Luckily, we found a solution: using the callback function which is supported by SQLite. We create a callback function to check if a game ID is in the result set. The result set we have from querying the table HashPositions as above.
Code: Select all
SELECT * FROM Games WHERE inResultSet(GameID)
Code: Select all
SELECT g.ID, g.Round, Date, w.Name White, WhiteElo, b.Name Black, BlackElo, Result, Timer, ECO, PlyCount, FEN, Moves
FROM Games g
INNER JOIN Players w ON WhiteID = w.ID
INNER JOIN Players b ON BlackID = b.ID
WHERE inResultSet(g.ID)
Code: Select all
ply: 1, #total queries: 1000, elapsed: 2762002 ms, 46:02, time per query: 2762 ms, total results: 1138013701, results/query: 1138013
ply: 2, #total queries: 1000, elapsed: 1919293 ms, 31:59, time per query: 1919 ms, total results: 359609242, results/query: 359609
ply: 3, #total queries: 1000, elapsed: 1584611 ms, 26:24, time per query: 1584 ms, total results: 199681101, results/query: 199681
ply: 4, #total queries: 1000, elapsed: 1256597 ms, 20:56, time per query: 1256 ms, total results: 37937493, results/query: 37937
ply: 5, #total queries: 1000, elapsed: 1116575 ms, 18:36, time per query: 1116 ms, total results: 5548104, results/query: 5548
ply: 6, #total queries: 1000, elapsed: 1109502 ms, 18:29, time per query: 1109 ms, total results: 6513526, results/query: 6513
ply: 7, #total queries: 1000, elapsed: 1084842 ms, 18:04, time per query: 1084 ms, total results: 2447268, results/query: 2447
ply: 8, #total queries: 1000, elapsed: 1062462 ms, 17:42, time per query: 1062 ms, total results: 5304993, results/query: 5304
ply: 9, #total queries: 1000, elapsed: 2849016 ms, 47:29, time per query: 2849 ms, total results: 2521642, results/query: 2521
ply: 10, #total queries: 1000, elapsed: 1749207 ms, 29:09, time per query: 1749 ms, total results: 1994074, results/query: 1994
ply: 11, #total queries: 1000, elapsed: 1590678 ms, 26:30, time per query: 1590 ms, total results: 429535, results/query: 429
ply: 12, #total queries: 1000, elapsed: 1615125 ms, 26:55, time per query: 1615 ms, total results: 298440, results/query: 298
ply: 13, #total queries: 1000, elapsed: 2203547 ms, 36:43, time per query: 2203 ms, total results: 235978, results/query: 235
ply: 14, #total queries: 1000, elapsed: 1710170 ms, 28:30, time per query: 1710 ms, total results: 153136, results/query: 153
ply: 15, #total queries: 1000, elapsed: 2267163 ms, 37:47, time per query: 2267 ms, total results: 10639, results/query: 10
ply: 16, #total queries: 1000, elapsed: 2313609 ms, 38:33, time per query: 2313 ms, total results: 34300, results/query: 34
ply: 17, #total queries: 1000, elapsed: 3275912 ms, 54:35, time per query: 3275 ms, total results: 11582, results/query: 11
ply: 18, #total queries: 1000, elapsed: 2913447 ms, 48:33, time per query: 2913 ms, total results: 9781, results/query: 9
Compared with results from 3rd Attempt
- The database size of 6.95 GB is significantly smaller than the size 8.87 GB (without index) or half of 13.74 GB (with index)
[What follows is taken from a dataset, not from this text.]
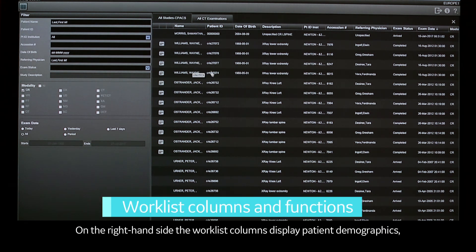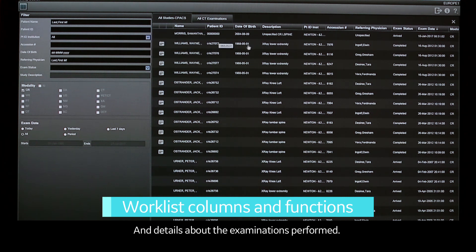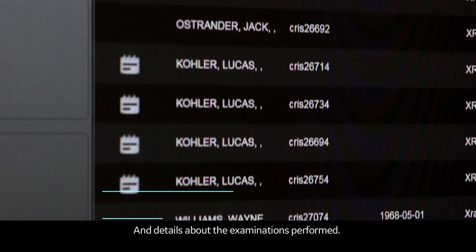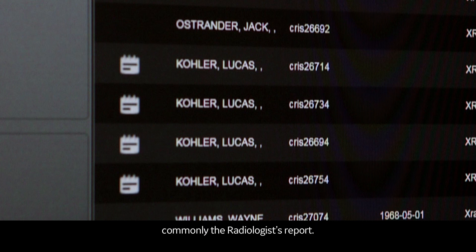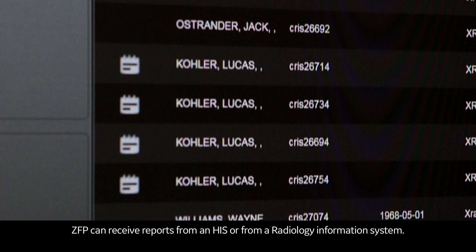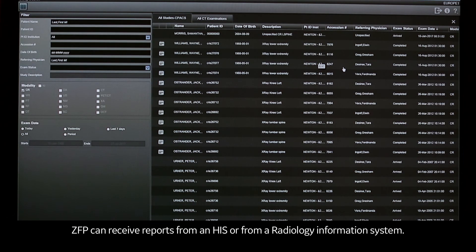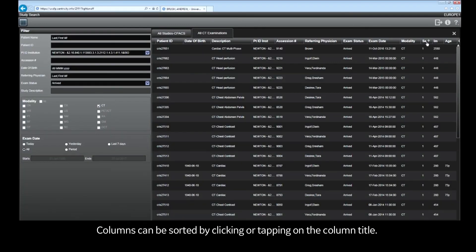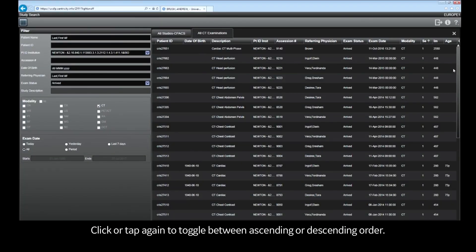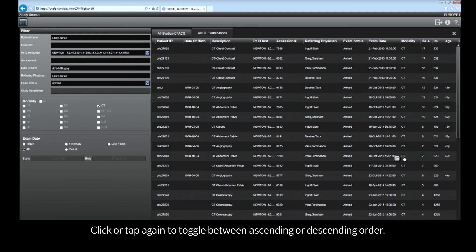On the right-hand side, the work list columns display patient demographics and details about the examinations performed. The report icon shows that a report is available for this exam, commonly the radiologist report. ZFP can receive reports from an HIS or from a radiology information system. Columns can be sorted by clicking or tapping on the column title; click or tap again to toggle between ascending or descending order.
- Building speed is slower (25 minutes vs 15 minutes) but the same if we count 10 minutes of creating indexes for the previous one
- The search speed is much faster, in worst cases, that is 3 seconds vs 3.7 minutes (no index) or 156 seconds (with indexes) - 50 times faster
3. Quick conclusions for this attempt
- It was one of the hardest attempts with multi try-error and took a lot of time to find some reasonable solutions
- It works at the end with a significantly smaller size and much faster searching
- There are some issues:
+ memory pressure when building. Look like the data is reached the boundary of resources. We may have problems when working with larger databases, say, 7 million games. That may cause the app to crash or slow down significantly. Thus we may need to create some special classes, do almost ourselves instead of using the standard library for collections (std::vector, std::map…), just for managing everything, reduce data size, swap to hard disks if needed…
+ if a hash key has multi games, those Game IDs are stored in the blob as an array of integers. In that case, it is not easy to use normal SQL browsers/tools to query all at once. We may need our code/app to create a callback function.
4. Source code
It has been pushed already with a new branch “searchwithhashkeysblob”.